Regression modeling workflows: making it pretty

ID 529: Data Management and Analytic Workflows in R

Jarvis Chen




Friday, January 12, 2024

Follow along

`

https://bit.ly/id529_regression_models

  • Clone the repository and open it as a R Project in your RStudio.

  • Open the id529_day4_regression_models.R script. Run the data cleaning steps and fit the models on the df_completecase data frame

Some goals for today

  • Learn how to create some pretty tables

    • Learn about the gtsummary package
    • Learn about the sjPlot package
    • Learn about the stargazer package
    • Learn how to create plots of regression results

Data preparation

  • As we covered on Day 4, we begin by doing some data cleaning steps.
df <- NHANES  |>  
  # Remember that we have to restrict to people 25 and above
  filter(Age>=25)  |> 
  # recoding of the variables we're going to use
  mutate(agecat = case_when(
      Age < 35 ~ "25-34",
      35 <= Age & Age < 45 ~ "35-44",
      Age >= 45 & Age < 55 ~ "45-54",
      Age >= 55 & Age < 65 ~ "55-64",
      Age >= 65 & Age < 75 ~ "65-74",
      Age >= 75 ~ "75+"),
    # We want College Grad to be the reference category for education, so we'll
    # re-order the factor so that it is reversed from the way it came in the NHANES dataset
    Education = factor(Education, 
                       levels=rev(levels(NHANES$Education))),
    # Here we collapse Hispanic and Mexican into the Hispanic category
    racecat = factor(case_when(
      Race1 %in% c("Hispanic", "Mexican") ~ "Hispanic",
      Race1 %in% c("Asian", "Other") ~ "Other Non-Hispanic",
      Race1 == "Black" ~ "Black Non-Hispanic",
      Race1 == "White" ~ "White Non-Hispanic"), 
      levels = c("White Non-Hispanic", "Black Non-Hispanic", "Hispanic", "Other Non-Hispanic"))
  ) |>
  # select just variables we are going to use in the analysis
  select(ID, SurveyYr, Gender, Age, agecat, Education, racecat, BPSysAve, SmokeNow)

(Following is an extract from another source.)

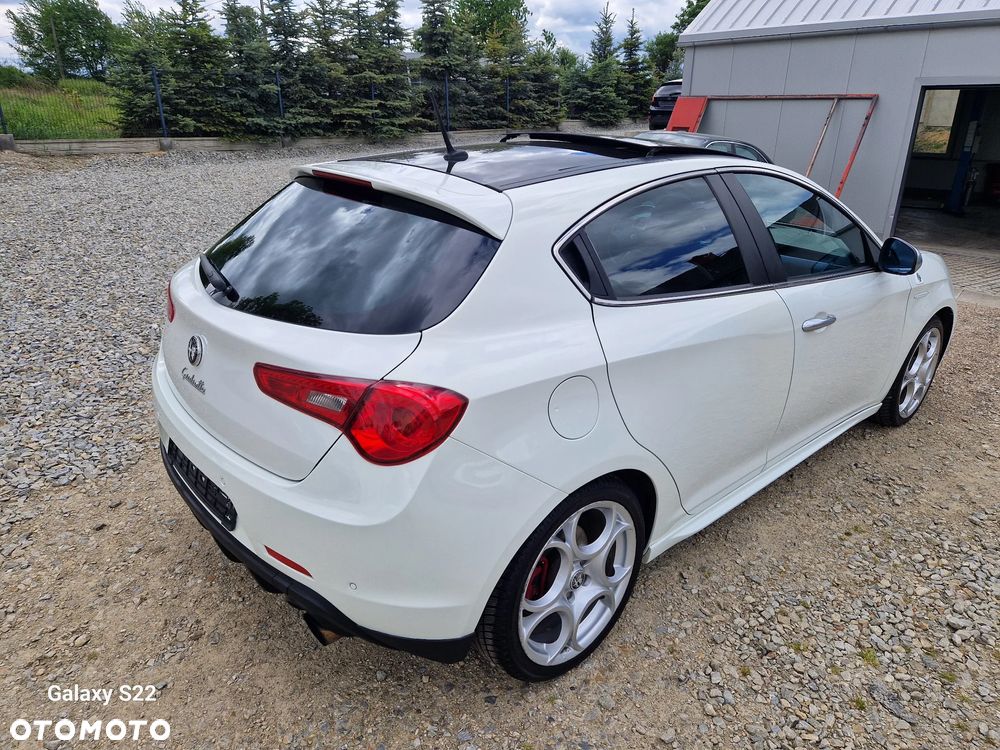 Alfa Romeo Giulietta 1.8 TBi 16V Quadrifoglio Verde - 8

Restricting to non-missing observations

  • Though most regression functions will automatically drop observations with NA, sometimes we may want to explicitly filter out missing observations on any of the covariates we are going to include while model building to make sure that we can compare models based on the same number of observations.
df_completecase <- df |>
  filter(!is.na(BPSysAve) & !is.na(agecat) & !is.na(Gender) & !is.na(racecat))

Fitting multiple models

lm_model1 <- lm(BPSysAve ~ factor(Education), 
                data=df_completecase)
lm_model2 <- lm(BPSysAve ~ factor(Education) + factor(agecat) + Gender, 
                data=df_completecase)
lm_model3 <- lm(BPSysAve ~ factor(Education) + factor(agecat) + Gender + factor(racecat), 
                data=df_completecase)
lm_model4b <- lm(BPSysAve ~ factor(Education) + factor(agecat) + interaction(Gender,factor(racecat)), 
                 data=df_completecase)
  • Note that in lm_model4b I’ve used the interaction() function to create a categorical variable representing the cross-classified categories of gender and race/ethnicity

A workflow for extracting model results into tables

  • We have been emphasizing the idea of having a workflow that includes not only fitting a statistical model, but

    • All of the data cleaning steps that help you get your data set up before you fit one or more statistical models
    • All of the extraction and formatting steps that enable you to communicate the results after you fit your statistical model
  • Given that you will often have to refit models and tweak your analysis many times before presenting your final results, it is helpful to have a workflow that facilitates making edits or revisions and having these propagate to your final tables and figures

gtsummary package

The gtsummary package provides a user-friendly way to create publication-ready analytical and summary tables. It seamlessly integrates with the tidyverse and the gt package, allowing for easy manipulation and styling of tables. Some key functions in the gtsummary package include

  • tbl_summary(): Creates summary tables for descriptive statistics. It can automatically recognize and handle different data types (e.g., continuous, categorical) and present appropriate summary statistics.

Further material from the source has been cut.